→ **Exercise**: Here is a block of entries. Write out its lines exactly, from the first through the one containing "Coworker Retirement I".

▬▬▬▬▬▬▬▬▬▬

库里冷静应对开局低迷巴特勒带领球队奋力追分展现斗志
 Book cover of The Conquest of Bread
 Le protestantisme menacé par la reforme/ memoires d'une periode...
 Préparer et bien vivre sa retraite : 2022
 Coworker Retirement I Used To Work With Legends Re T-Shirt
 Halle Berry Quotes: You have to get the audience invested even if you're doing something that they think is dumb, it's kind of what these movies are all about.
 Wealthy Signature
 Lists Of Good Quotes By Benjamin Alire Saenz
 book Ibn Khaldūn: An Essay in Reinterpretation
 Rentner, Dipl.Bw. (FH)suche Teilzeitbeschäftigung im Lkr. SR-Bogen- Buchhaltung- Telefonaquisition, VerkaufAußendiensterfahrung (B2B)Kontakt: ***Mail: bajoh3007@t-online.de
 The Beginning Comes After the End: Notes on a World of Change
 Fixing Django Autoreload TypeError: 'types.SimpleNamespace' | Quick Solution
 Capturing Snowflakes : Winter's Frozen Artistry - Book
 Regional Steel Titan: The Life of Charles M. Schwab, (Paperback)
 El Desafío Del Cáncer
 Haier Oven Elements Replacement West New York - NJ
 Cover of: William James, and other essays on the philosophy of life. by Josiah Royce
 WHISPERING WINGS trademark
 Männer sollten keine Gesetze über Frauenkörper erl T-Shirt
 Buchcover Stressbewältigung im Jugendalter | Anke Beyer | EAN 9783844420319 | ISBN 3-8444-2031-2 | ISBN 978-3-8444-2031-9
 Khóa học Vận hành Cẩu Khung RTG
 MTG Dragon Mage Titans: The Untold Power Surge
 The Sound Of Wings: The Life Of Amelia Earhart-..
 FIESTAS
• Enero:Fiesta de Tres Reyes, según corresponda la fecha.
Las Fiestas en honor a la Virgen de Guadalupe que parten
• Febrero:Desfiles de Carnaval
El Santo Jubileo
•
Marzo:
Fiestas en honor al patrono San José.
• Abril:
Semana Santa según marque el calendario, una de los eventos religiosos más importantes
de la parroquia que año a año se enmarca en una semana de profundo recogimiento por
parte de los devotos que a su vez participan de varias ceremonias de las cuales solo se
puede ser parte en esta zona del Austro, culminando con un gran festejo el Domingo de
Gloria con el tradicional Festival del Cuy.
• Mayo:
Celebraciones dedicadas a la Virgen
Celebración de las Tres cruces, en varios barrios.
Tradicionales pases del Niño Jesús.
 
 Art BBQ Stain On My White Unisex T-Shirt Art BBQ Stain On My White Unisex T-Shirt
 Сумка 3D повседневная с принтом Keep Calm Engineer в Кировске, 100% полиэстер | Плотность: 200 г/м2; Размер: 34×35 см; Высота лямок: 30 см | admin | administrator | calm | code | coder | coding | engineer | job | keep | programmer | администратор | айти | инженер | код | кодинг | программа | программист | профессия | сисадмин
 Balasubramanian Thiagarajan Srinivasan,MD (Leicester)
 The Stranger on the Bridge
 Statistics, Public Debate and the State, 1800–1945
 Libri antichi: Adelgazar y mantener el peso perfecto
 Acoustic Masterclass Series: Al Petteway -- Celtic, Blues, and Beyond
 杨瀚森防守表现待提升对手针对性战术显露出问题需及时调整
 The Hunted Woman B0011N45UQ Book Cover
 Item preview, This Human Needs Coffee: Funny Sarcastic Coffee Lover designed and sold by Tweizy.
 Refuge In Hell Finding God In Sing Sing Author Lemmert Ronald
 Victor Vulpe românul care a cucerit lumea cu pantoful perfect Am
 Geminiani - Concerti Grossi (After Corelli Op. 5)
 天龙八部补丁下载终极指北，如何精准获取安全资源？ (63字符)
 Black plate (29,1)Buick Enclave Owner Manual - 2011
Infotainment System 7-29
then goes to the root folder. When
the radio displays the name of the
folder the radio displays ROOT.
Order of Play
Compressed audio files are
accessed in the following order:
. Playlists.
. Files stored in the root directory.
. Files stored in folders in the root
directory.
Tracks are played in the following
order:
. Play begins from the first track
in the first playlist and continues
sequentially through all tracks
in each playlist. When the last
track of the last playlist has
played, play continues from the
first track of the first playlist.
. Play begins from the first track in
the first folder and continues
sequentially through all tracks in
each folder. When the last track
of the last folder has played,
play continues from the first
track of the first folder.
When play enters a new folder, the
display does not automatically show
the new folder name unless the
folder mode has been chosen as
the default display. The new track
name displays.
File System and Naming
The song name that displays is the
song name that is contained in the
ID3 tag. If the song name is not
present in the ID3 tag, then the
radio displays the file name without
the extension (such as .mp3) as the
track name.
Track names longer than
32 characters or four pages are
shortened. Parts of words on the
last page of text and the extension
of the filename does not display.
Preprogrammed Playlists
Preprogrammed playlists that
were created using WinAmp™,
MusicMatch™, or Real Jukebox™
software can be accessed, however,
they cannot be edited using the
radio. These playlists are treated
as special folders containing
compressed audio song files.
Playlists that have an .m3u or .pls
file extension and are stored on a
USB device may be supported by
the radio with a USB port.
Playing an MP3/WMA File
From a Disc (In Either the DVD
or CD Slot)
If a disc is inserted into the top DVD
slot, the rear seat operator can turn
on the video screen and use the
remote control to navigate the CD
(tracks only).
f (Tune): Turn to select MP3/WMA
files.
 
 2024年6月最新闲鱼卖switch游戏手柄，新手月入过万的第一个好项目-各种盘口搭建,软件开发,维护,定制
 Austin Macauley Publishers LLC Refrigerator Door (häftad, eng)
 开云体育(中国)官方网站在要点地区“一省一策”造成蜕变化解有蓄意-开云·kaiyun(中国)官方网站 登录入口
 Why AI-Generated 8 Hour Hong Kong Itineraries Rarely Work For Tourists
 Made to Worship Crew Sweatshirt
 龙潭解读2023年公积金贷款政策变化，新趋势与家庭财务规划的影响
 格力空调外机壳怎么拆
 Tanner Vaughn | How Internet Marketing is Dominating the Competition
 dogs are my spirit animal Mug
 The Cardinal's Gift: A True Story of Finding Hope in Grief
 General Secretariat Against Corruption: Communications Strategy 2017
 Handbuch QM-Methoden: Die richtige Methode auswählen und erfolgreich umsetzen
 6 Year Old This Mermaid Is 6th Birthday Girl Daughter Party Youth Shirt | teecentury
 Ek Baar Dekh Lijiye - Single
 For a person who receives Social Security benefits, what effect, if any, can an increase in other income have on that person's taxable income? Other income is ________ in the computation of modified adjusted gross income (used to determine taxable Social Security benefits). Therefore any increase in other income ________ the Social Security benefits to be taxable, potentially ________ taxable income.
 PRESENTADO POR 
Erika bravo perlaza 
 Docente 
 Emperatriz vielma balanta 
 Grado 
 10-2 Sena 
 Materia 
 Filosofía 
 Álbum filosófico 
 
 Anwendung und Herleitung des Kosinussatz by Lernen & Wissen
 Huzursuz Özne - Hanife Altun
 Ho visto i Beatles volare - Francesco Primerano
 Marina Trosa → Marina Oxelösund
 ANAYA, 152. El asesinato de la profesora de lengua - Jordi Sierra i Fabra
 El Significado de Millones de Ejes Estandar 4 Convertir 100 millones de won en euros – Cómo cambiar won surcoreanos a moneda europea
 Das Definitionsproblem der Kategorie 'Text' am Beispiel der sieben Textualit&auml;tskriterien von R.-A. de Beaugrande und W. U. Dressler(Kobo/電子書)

▬▬▬▬▬▬▬▬▬▬

→ **Written answer**:
库里冷静应对开局低迷巴特勒带领球队奋力追分展现斗志
 Book cover of The Conquest of Bread
 Le protestantisme menacé par la reforme/ memoires d'une periode...
 Préparer et bien vivre sa retraite : 2022
 Coworker Retirement I Used To Work With Legends Re T-Shirt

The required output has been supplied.